(Data supplied begins)

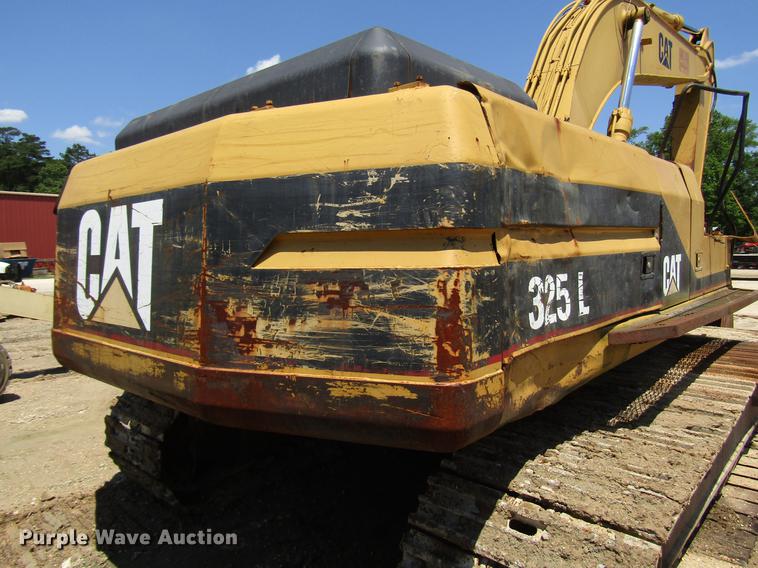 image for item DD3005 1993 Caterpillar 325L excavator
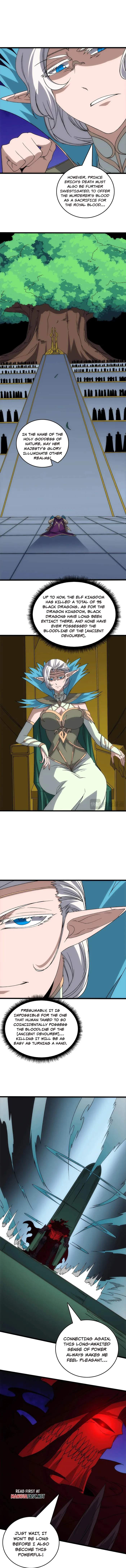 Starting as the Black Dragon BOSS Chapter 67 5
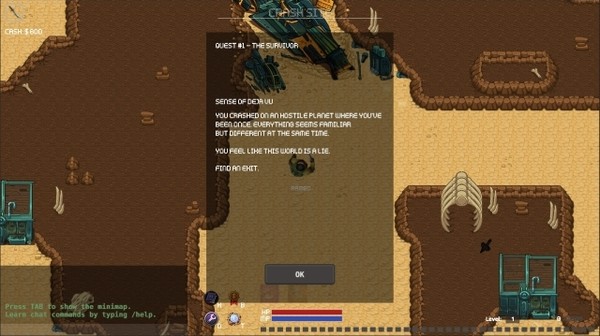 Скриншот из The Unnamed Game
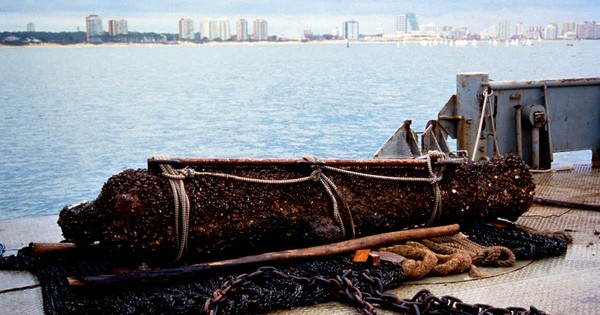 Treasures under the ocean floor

(Data supplied ends)
(Data supplied begins)

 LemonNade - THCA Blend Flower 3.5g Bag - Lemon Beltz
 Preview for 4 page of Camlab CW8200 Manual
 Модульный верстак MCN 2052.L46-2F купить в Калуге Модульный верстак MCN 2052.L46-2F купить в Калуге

(Data supplied ends)

→ **Work task**: Exactly the lines starting at the one above with "Скриншот из The Unnamed Game" and ending at the one with "Treasures under the ocean floor" should be printed, and nothing else. Omit the pictures.

→ **Output of the exercise**:
 Скриншот из The Unnamed Game
 Treasures under the ocean floor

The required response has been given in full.